According to social-learning theory, learning is strongly situated in a social context (Lave & Wenger Citation1991). In the Rural Clinical School longitudinal context, both appraiser and appraisee are mutually accountable for their performance, and are influenced by their ongoing subjective relationship to each other. Elsewhere, these factors have been shown to influence appraisal (Levy & Williams Citation2004). The same holds true for mCEX, since further characteristics of the data suggest that the mCEX was being used as a tool in a community of practice sense (Wenger Citation1998). Across all assessor types, students undertaking cases rated as ‘high difficulty’ were given higher ‘encouragement’ marks for their performance. Assessments in the less frequently taught parts of the curriculum were also given higher marks. These data extend Norcini et al. (Citation2003) original work, and results for an undergraduate programme in Southampton, where examiner status, case complexity and attachment specialty all influenced ratings (Hill et al.

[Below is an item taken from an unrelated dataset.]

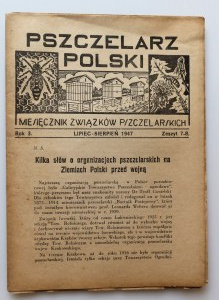 PSZCZELARZ POLSKI Miesięcznik Związków Pszczelarskich ROK 3. červenec - srpen 1947. Zeszyt 7-8 [kopie nezkrácena].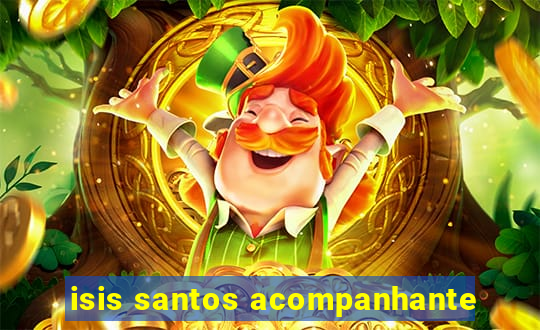 isis santos acompanhante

Citation2009). The data collectively show that, although assessor judgements may not be standardised, nevertheless they were systematic. In a community of practice, tools are developed as a way of increasing and managing knowledge. In this sense, in a longitudinal clerkship setting, mCEX were being systematically used to motivate more expert performance in a junior colleague by a senior assessor.

The longitudinal assessment programme that allowed students to complete as many mCEX as they wanted also provided clear motivation for increased clinical behaviour. The majority received feedback on considerably more patients than they were required to. This was the case whether they were strong or weak students, as indicated by the lack of correlation between number of mCEX and final mark. Although this excess of clinical encounters was pragmatic and aimed at receiving higher marks, nevertheless it created a feedback culture which, elsewhere, has been associated with positive appraisal experience (Levy & Williams Citation2004). Students’ taking this kind of responsibility for performance demonstrates intrinsic motivation associated with adult learning (ten Cate et al. Citation2004), and endorses students’ ownership of assessment as a learning experience.

In conclusion, these data show that longitudinal integrated assessment in a naturalistic setting particularly identifies and contributes to skill development in the formative phase of learning. Naïve assessors use the mCEX in a psychometrically unreliable but systematic way to develop clinical behaviours, and are willing to conduct thousands of assessments to this end. Further, students actively participate in their own development by using the tool in excess of course requirements. These data demonstrate Van der Vleuten's observation (Van der Vleuten et al. Citation2000) that good assessment is inclusive of, but broader than, the statistical characteristics of assessment tools. This study confirms the impact of the longitudinal context on assessor and student behaviour.

Declaration of interest: The authors report no conflicts of interest. The authors alone are responsible for the content and writing of the article.